Photo's Fundamental Datatypes

ATLAS_IMAGE
The portion of a frame containing the pixels that have been determined to belong to an object. (Pixels that have too small a S/N to be found individually will not appear in the ATLAS_IMAGE. On the other hand the individual pixel values are not very useful, and their smoothed properties may be recovered from the 4x4 binned image produced by the frames pipeline.
MASK
An 8-bit region, with one byte corresponding to each pixel in a region. Photo doesn't use MASKs, preferring to use SPANMASKs for reasons given below.
OBJC
An object in all five filters, containing the OBJECT1s from each band.
OBJC_IO
An OBJC reorganised to be written to a fits binary file.
OBJECT
A collection of pixels above threshold, with associated PEAK information.
OBJECT1
An object in one filter, complete with information about its parent region, in which pixels it was detected, its PEAKs, and all its measured properties.
OBJMASK
An `object' describing which pixels in an image have a certain property. Objmasks are used to describe objects (i.e. in which pixels an object is detected), and also things like cosmic rays (i.e. which pixels a cosmic ray was removed from), and interpolated pixels (all pixels which have been interpolated over). A comparison with dervish's MASKs is given below.
PEAK
A single peak within an object. The list of peaks within an object is crucial to the operation of the deblender, as well as interesting in its own right. Photo takes considerable pains to keep this list correct at all times.
REGION
Dervish's datatype supporting a rectangular collection of pixels.
SPANMASK
A collection of OBJMASKs, stored as a chain. This is the equivalent of a bitplane in one of dervish's MASKs.

Note on Masks Structures

The standard dervish mask is a bitmask, with 8 bits for each pixel in the image. They have various disadvantages; they take up a lot of memory (a full mask is 3Mby) --- not so much a concern per se, but a cache disaster; you cannot find all the saturated pixels (say) without running an object finder on the object mask; you have to check each pixel as you process it to see if it's OK. All of these concerns are addressed by the representation of each bitplane as a set of `OBJMASK's, which are a structure consisting of {row, col1, col2} for each line-segment where the bitmask would have been set (they also contain a bounding box and other book-keeping information). These sets, currently CHAINs, are then assembled into `SPANMASK's, which are arrays of the chains of OBJMASKs, one for each bitplane in the old shiva masks.

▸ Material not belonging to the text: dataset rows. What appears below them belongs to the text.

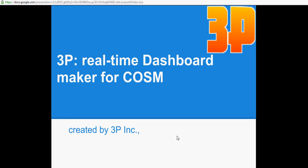Hello, welcome to this introduction about the 3P real-time dashboard maker for KOSEM.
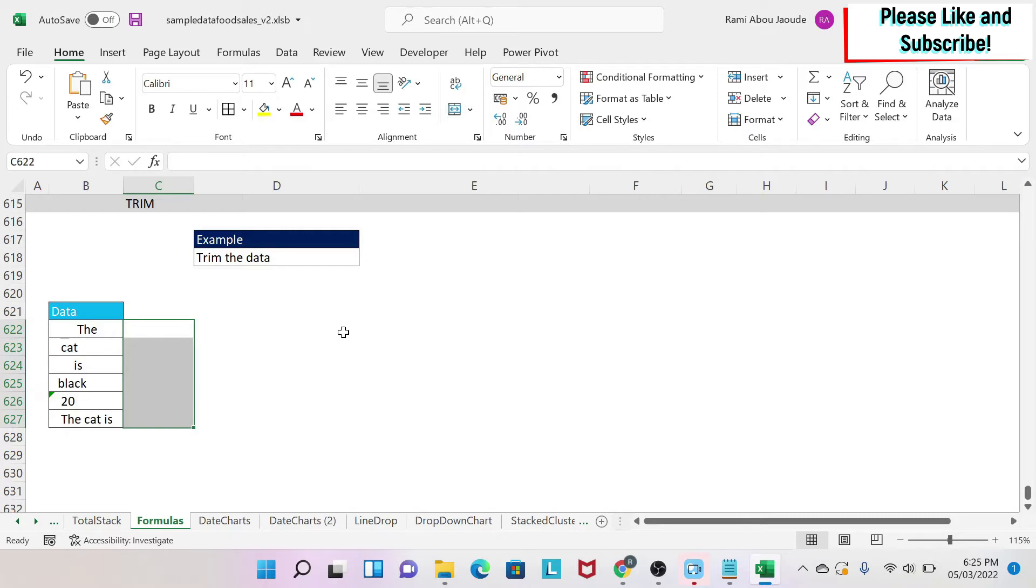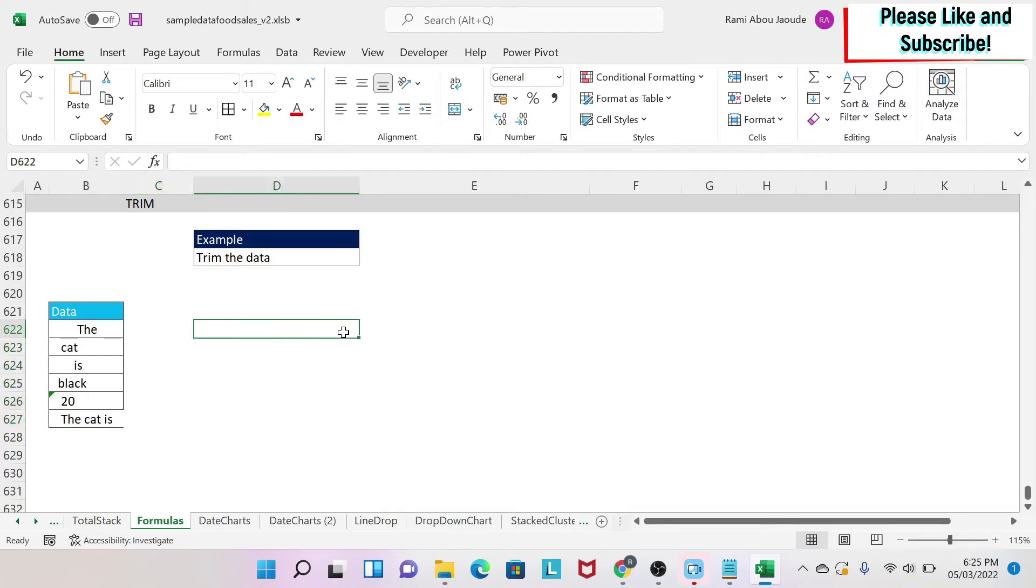This is very useful because a lot of times when you download data from systems, you might get some random characters or white spaces. This is one way to clean up your data. Now let's try it on this data.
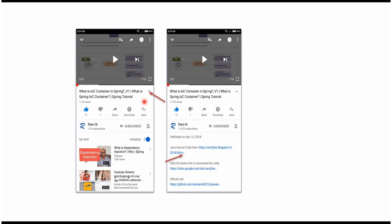You can get the Java source code link from the description of the video. On mobile, to see the description, click on this icon. It will expand and here you can see the description, which contains Java source code links. Click on these links to get the Java source code.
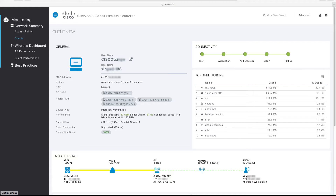The general information section also provides performance and capability information for the client. This includes the current signal strength, signal quality, connection speed, channel width, radio type, and the number of supported spatial streams. Note that the signal strength and signal quality values are color coded to indicate the health of the connection. Also note that this is the infrastructure's view of the client's signal strength and signal quality.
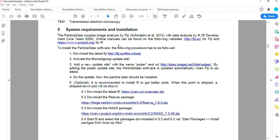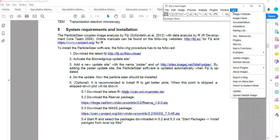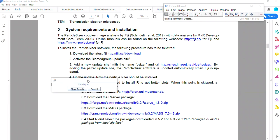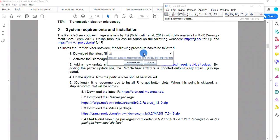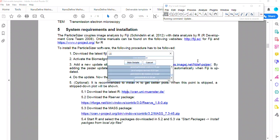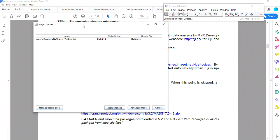So finally, you have all that down. You can open Fiji and you'll need to activate the update sites. Starting up. All the information is here, but I can quickly show you.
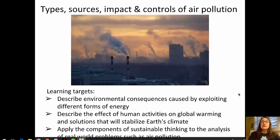Welcome back to this second video. Today we'll be talking about sources, types, and the impact of air pollution.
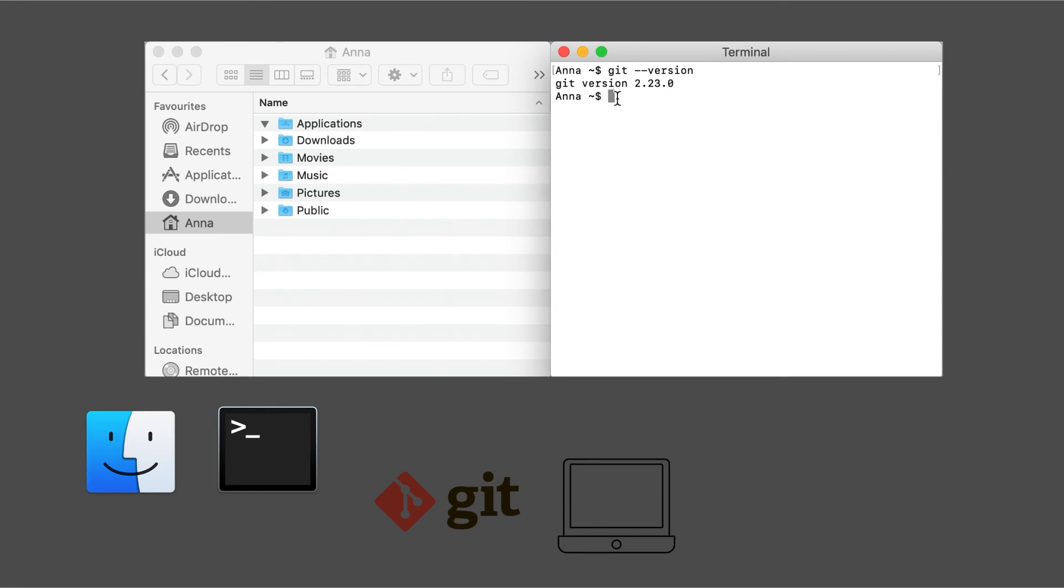Now I'm going to type in git --version, and we can see here that my git version is 2.23.0. Now I'll type in clear, and it clears my terminal screen.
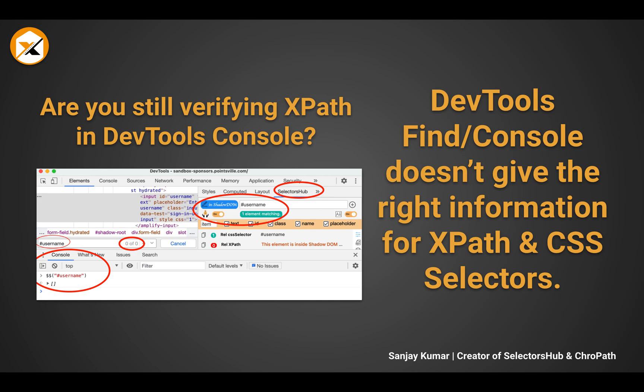Hello friend, this is Sanjay Kumar, creator of SelectorHub and CrowPath. We all write XPath and CSS selectors mostly in browser dev tools.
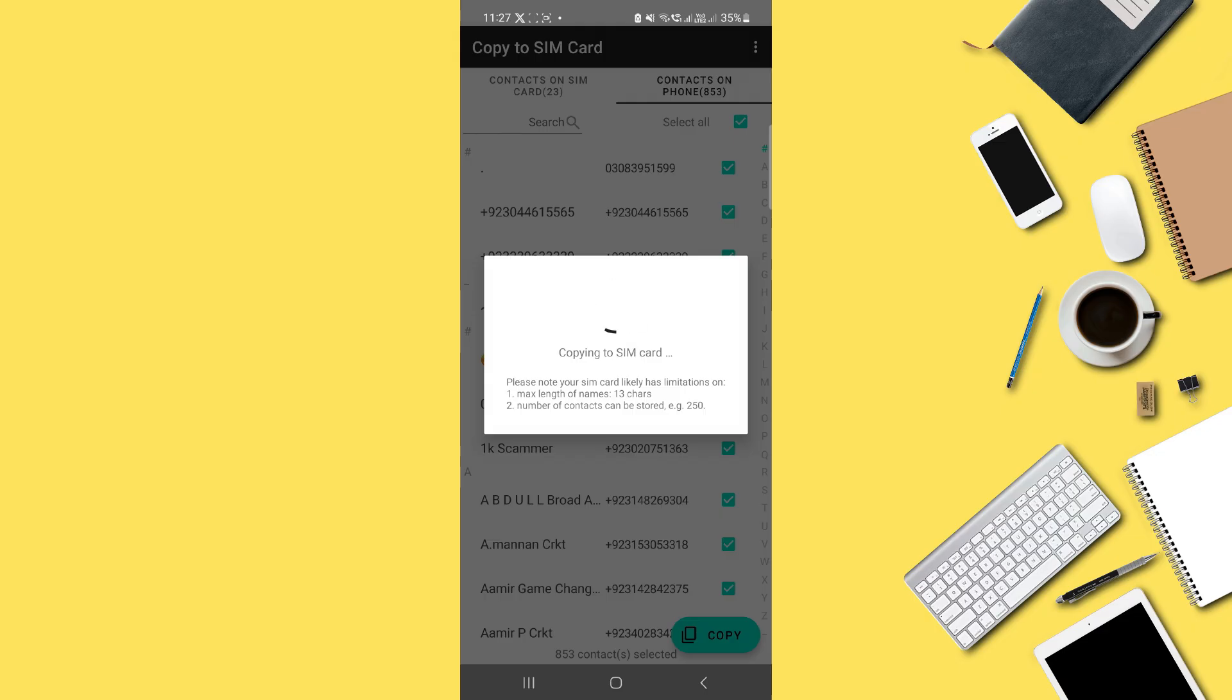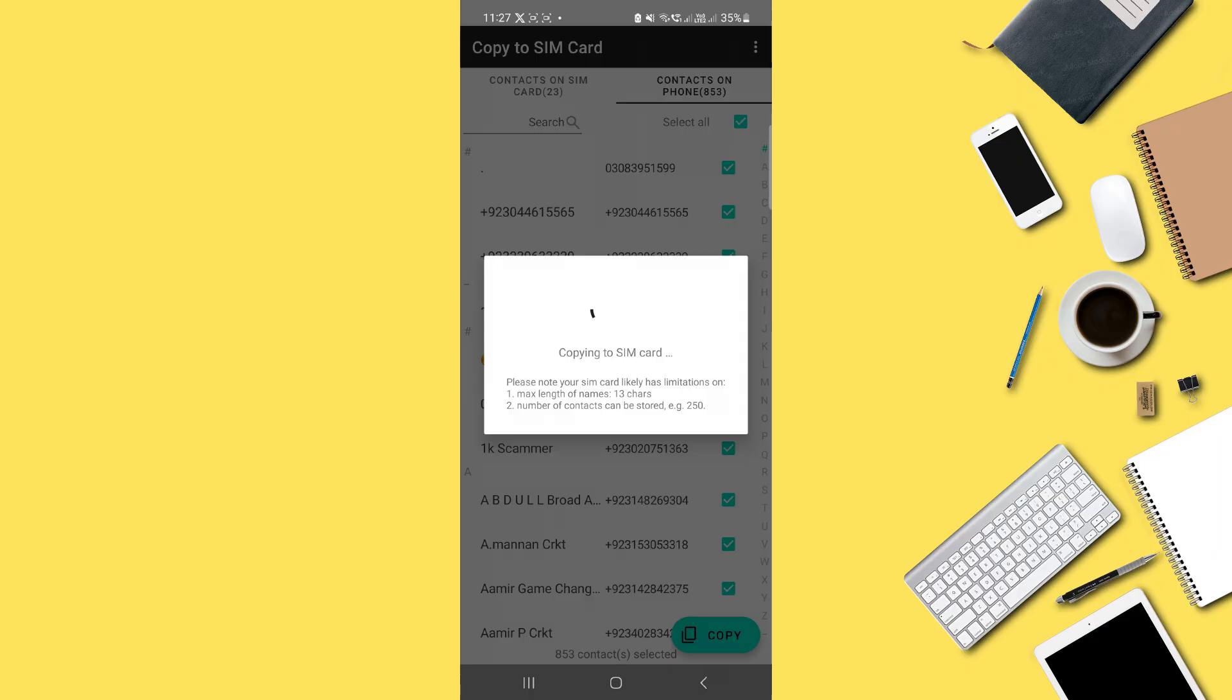Once the process completes, your Google Contacts will now be available directly on your SIM card. And that's it. So that's basically how you can move contacts from Google to SIM card.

Note that as our bitplanes are sparse, much less memory is involved in these data structures; you can ask for a list of all cosmic rays (it's a (possibly empty) chain of OBJMASKs); and you can ask for all the pixels in this object that aren't in the NOTCHECKED chain, and then simply loop over the spans in question, or ask for the pixels in this object that are saturated.

The downside is that a SPANMASK doesn't match a fits binary table very well. An chain of OBJMASKs isn't too bad --- one row for each OBJMASK, with the {r, c1, c2} triples in the heap as properly-byte-swapped-shorts --- but to put a whole SPANMASK in requires that all of the OBJMASK data appear in the heap, and then there's a nightmare about byte order, as you have to know if the heap data is 1, 2, or 4 byte units.